Theroux has written more than 50 books, many of them from his travels around the world. He says the southern border is the oddest one in the world, like a Christo environmental art project. He describes walking through the door in the fence at the end of a Nogales street as an Alice in Wonderland rabbit hole experience. “Open the door, and suddenly you are in Mexico.”

Despite this oddness, the border is a back-and-forth flow, with most of it nowadays going north. Mexicans still come across, although now they have to stand in long lines with their legal documents to get to their jobs, etc.

One surprise for Theroux was the large number of what U.S. officials call “Special Interest Aliens,” people caught trying to cross the border from India, China, Iraq, Afghanistan, Pakistan, Syria and from African nations, mostly from Nigeria. In some Southwest U.S. detention facilities, fewer than half are from Mexico.

So why do they leave, Theroux asked. They are at home surrounded with their culture, family, religion and places they know. But they pay a coyote thousands of dollars to take them to the border and maybe across it. They have everything except that “they ain’t got no dinero.” Annual income for people living in the southern Mexico states of Chiapas or Oaxaca is similar to those in rural Kenya or Bangladesh: $3,400. People living in Eritrea fought for years to win independence and freedom from Ethiopia and are now the top group trying to get into Europe. After fighting like that, why would you leave?

“On the Plain of Snakes” tells the stories of some of these people. It’s not a travel book that will “tell you where the best tacos are in Merida,” but a book that will “see things as they are,” Theroux’s stock in trade.

The other reason I like this book is because it covers a place and a way of travel that I did with my friend Jeff in 1974 and 1975, traveling in the back of trucks that stopped for hitch hikers, in second-class buses and crowded train cars. Not sure if we saw things as they are, but we had a lot of fun traveling through Saltillo, Torreon, Durango, Mazatlan and Tepic, with a few “near death experiences” that Theroux calls the essence of travel books. And Theroux is 78-years-old; it’s not too late to do it again.

Jeff

John

 

Can Trump change the human species? If not impeached

While living in Oxford, England, in 2015 to attend the Rugby World Cup, we did more than attend rugby games. We also took advantage of cultural events in that university city. Museums, art exhibits, musical events and lectures, including the best Kathy and I have heard on Shakespeare. The question that came up then was: “Why don’t we do this at home?”

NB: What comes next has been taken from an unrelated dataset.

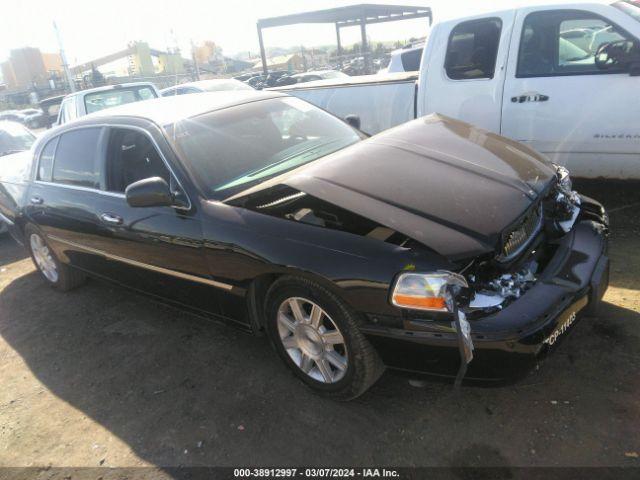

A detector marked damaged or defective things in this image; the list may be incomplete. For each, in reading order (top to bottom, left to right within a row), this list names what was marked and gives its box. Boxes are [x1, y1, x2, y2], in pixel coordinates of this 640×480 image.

University dons and students don’t go around in black academic robes as in Oxford, but Seattle is no intellectual desert. But it seems we’re “too busy” to find our way to those events that would exercise our minds here at home. We have season theater tickets, attend an opera here and there, once in a while a symphony and visit museums when friends and family come to visit.

Kathy takes advantage of classes and lectures put on by Osher Lifelong Learning Institute. John? Rarely.

Well, that’s changing. Spurred by the memory of all we did in Oxford, we have loaded up on season tickets to plays, lectures, photo exhibits and book readings. By spring, we may start wearing black robes.

That means, as it did four years ago, the rugby reporter may get interrupted by off-field activities; scrums, rucks and mauls interspersed with things like:

Fenner

“Stories of Human Migrations,” an hour-long talk given by David Fenner from the University of Washington’s Henry M. Jackson School of International Studies. Sponsored by the Osher Lifelong Learning Institute at the UW and held at the University House in Issaquah, WA, the talk was one of many lectures and classes for those of us over 50. Kathy and I are well qualified.

Fenner’s talk made me realize that Trump is trying to change the human species. (Ed. notes: Fenner never mentioned Trump. I’m to blame for the spin here. Fenner supplied facts, and if they are wrong in this piece, it is because of my faulty note taking and should not reflect on Fenner, an excellent lecturer.)

Trump is going against the tide of humanity, which started migrating some 150,000 to 200,000 years ago from the Great Rift Valley in Africa – and it has never stopped no matter how many walls, borders and prejudices it ran up against. About 50,000 years ago, homo sapiens reached Northern Europe, where they found another species, the Neanderthal, which they interbred with (Did Fenner say that’s what accounts for rugby players?). About 12,000 to 15,000 years ago humans reached the Americas. Not until 1,500 years ago did they get to New Zealand, the last of the Rift Valley migration.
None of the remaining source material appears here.